YOUR TASK: After locating the line with "Toy Machine Monster" in the entries below, output it and each following line up to and including the line with "Cutler Hammer New", exactly and without pictures.

▼

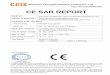 1 Cover Page CE SAR REPORT - THL Phone · to other samples of the same product and does not permit the use of the CCIS product certification mark. The manufacturer ... CE SAR REPORT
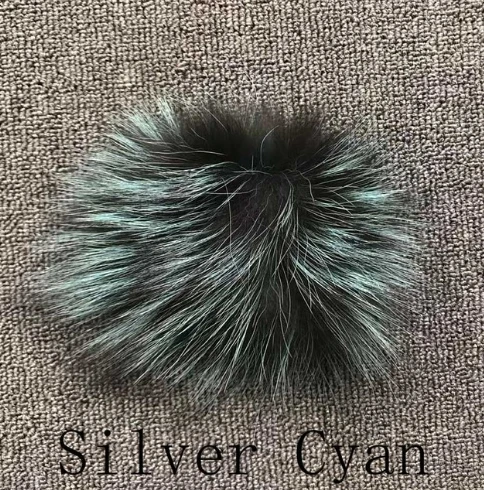 silver cyan QIUCHEN PJ19055 Новое поступление натуральный Лисий мех женский зимний жилет с капюшоном модная модель высокое качество горячая распродажа - Цвет: silver cyan
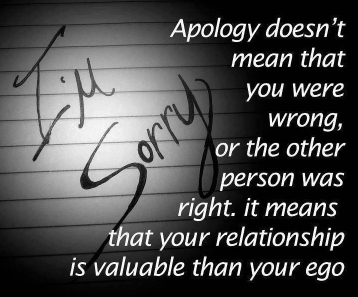 A Quote on Apology in Black and White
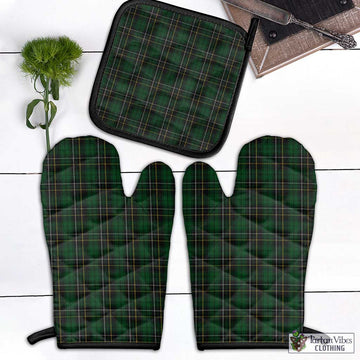 MacAlpine (MacAlpin) Tartan Combo Oven Mitt & Pot-Holder Combo 1 Oven Mitt & 1 Pot-Holder Black - Tartan Vibes Clothing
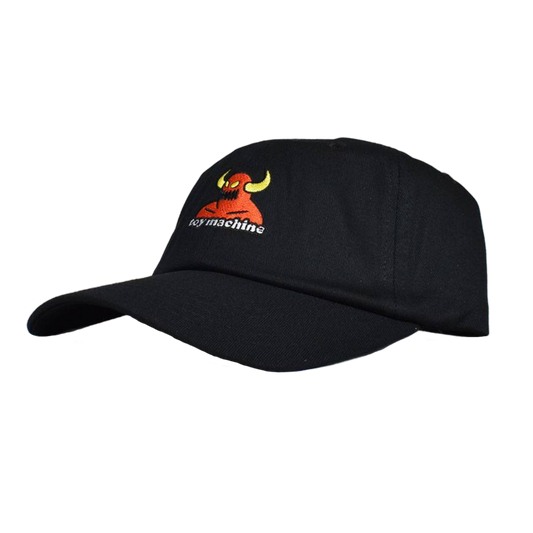 Toy Machine Monster Strapback Cap - Black/Black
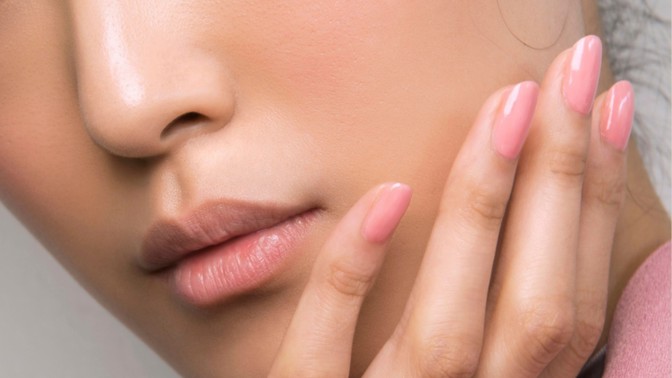 Rose water nails
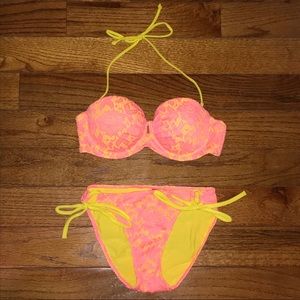 Victoria’s Secret Lace Bandeau Bikini Set
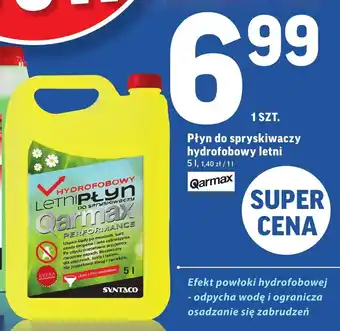 Intermarche Płyn do spryskiwaczy hydrofobowy letni 5l oferta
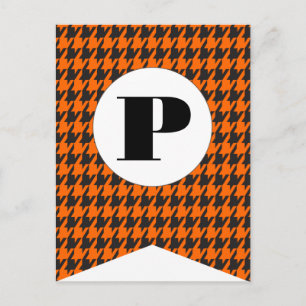 Carte postale Joyeuse Halloween Flag Bunting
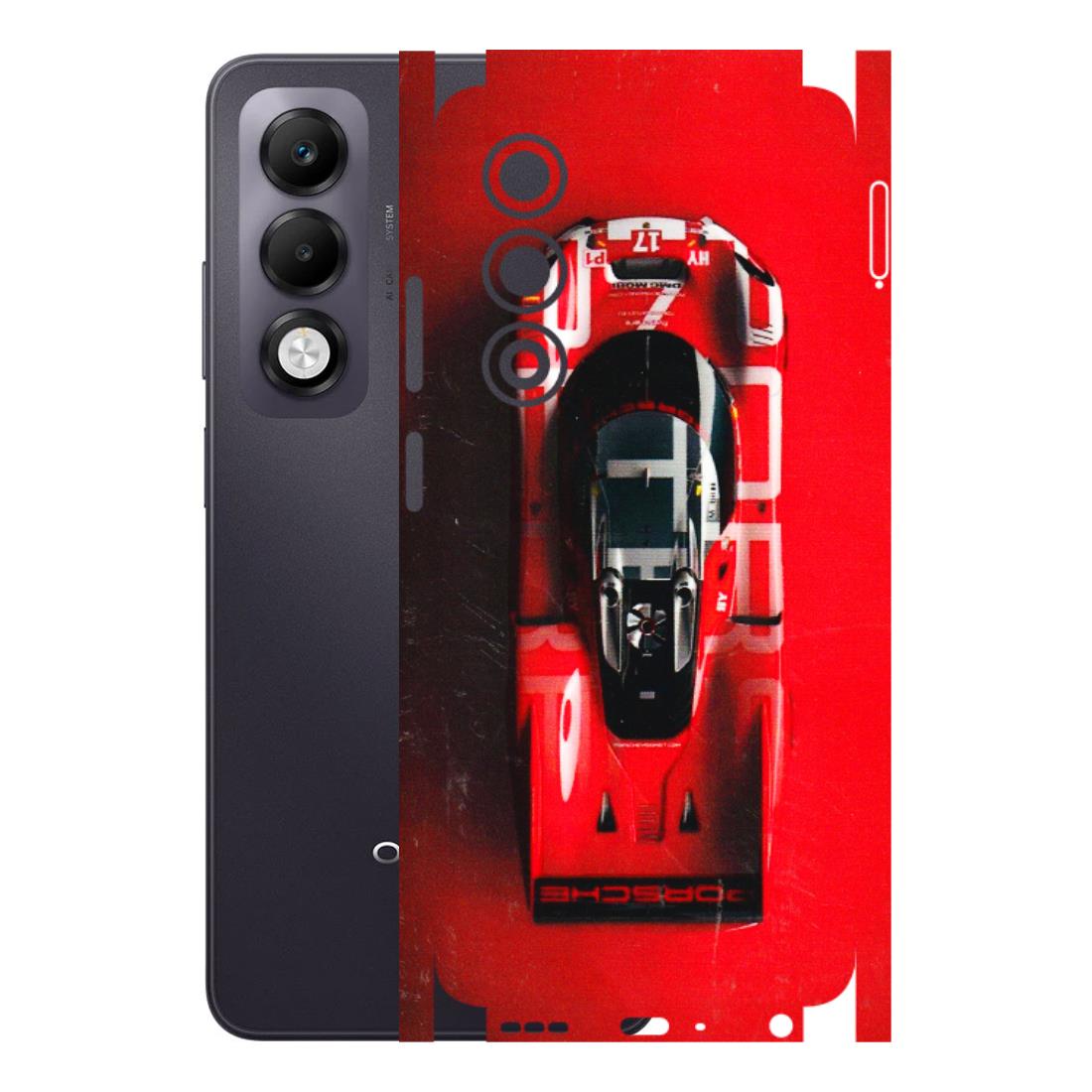 OPPO Phone Skins 2025 (All Models) - Red Porsche Car Logo - 3D Embossed Finish (L-315) Oppo K13x 5G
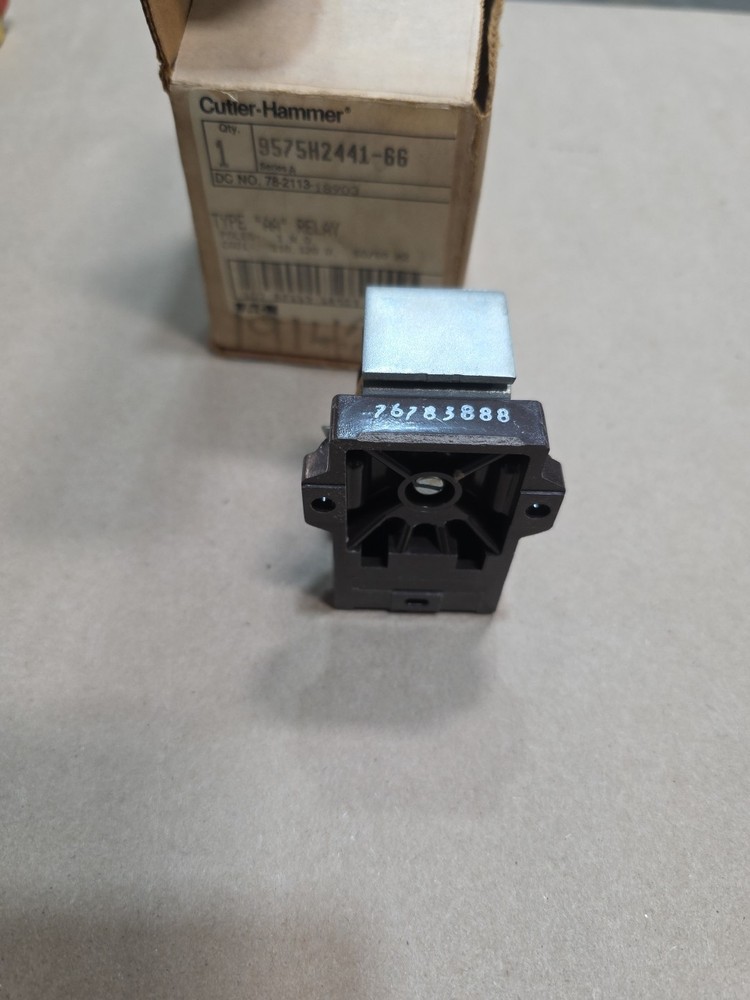 Cutler Hammer New in Box Type AA Relay 9575H2441-66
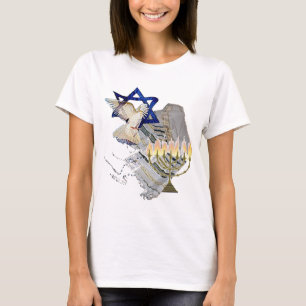 Duva, Tallit & menora B Tee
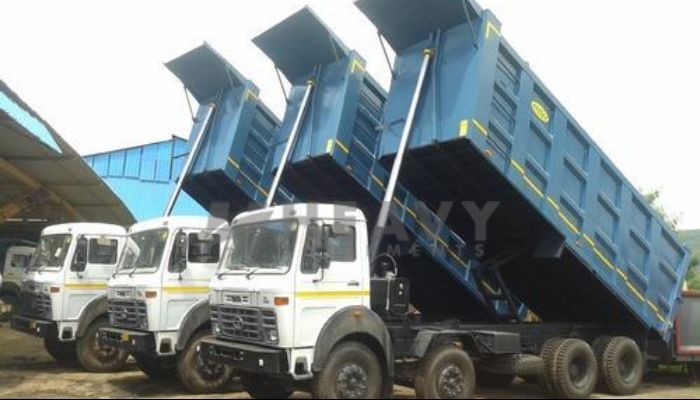 TATA Tippers Truck 10 Wheeler Hire In Rajasthan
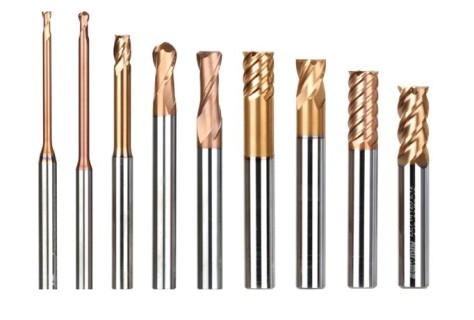 Frézy pro nástrojové oceli, kalené materiály ~HRC70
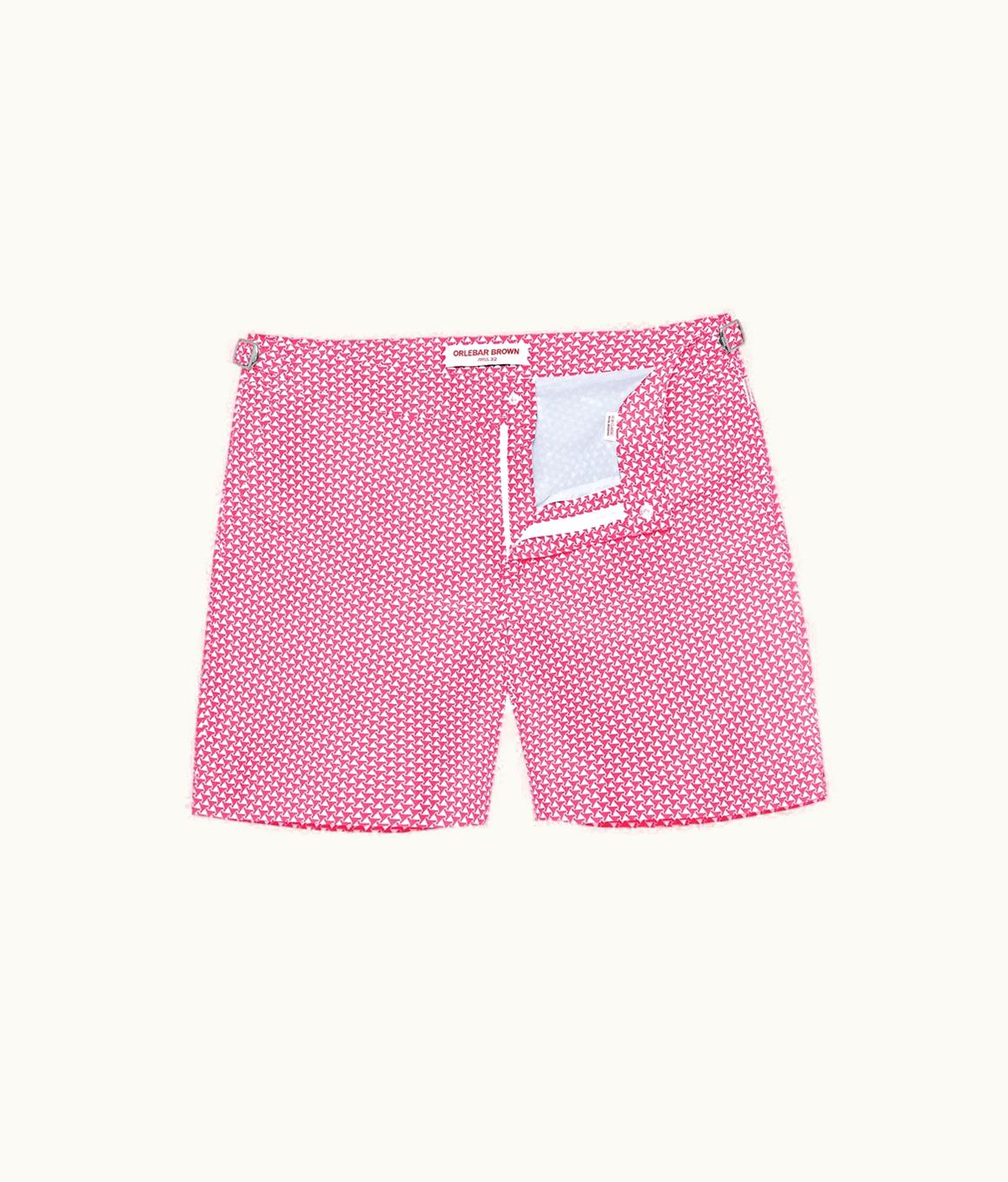 Orlebar Brown Orlebar Brown Wham Pax Print Mid-Length Swim Shorts Wham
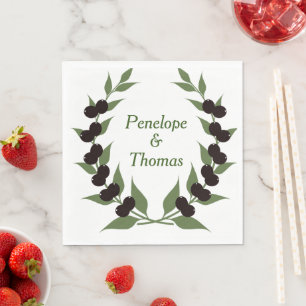 Personalised wedding or shower napkins bulk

▲

RESPONSE:
 Toy Machine Monster Strapback Cap - Black/Black
 Rose water nails
 Victoria’s Secret Lace Bandeau Bikini Set
 Intermarche Płyn do spryskiwaczy hydrofobowy letni 5l oferta
 Carte postale Joyeuse Halloween Flag Bunting
 OPPO Phone Skins 2025 (All Models) - Red Porsche Car Logo - 3D Embossed Finish (L-315) Oppo K13x 5G
 Cutler Hammer New in Box Type AA Relay 9575H2441-66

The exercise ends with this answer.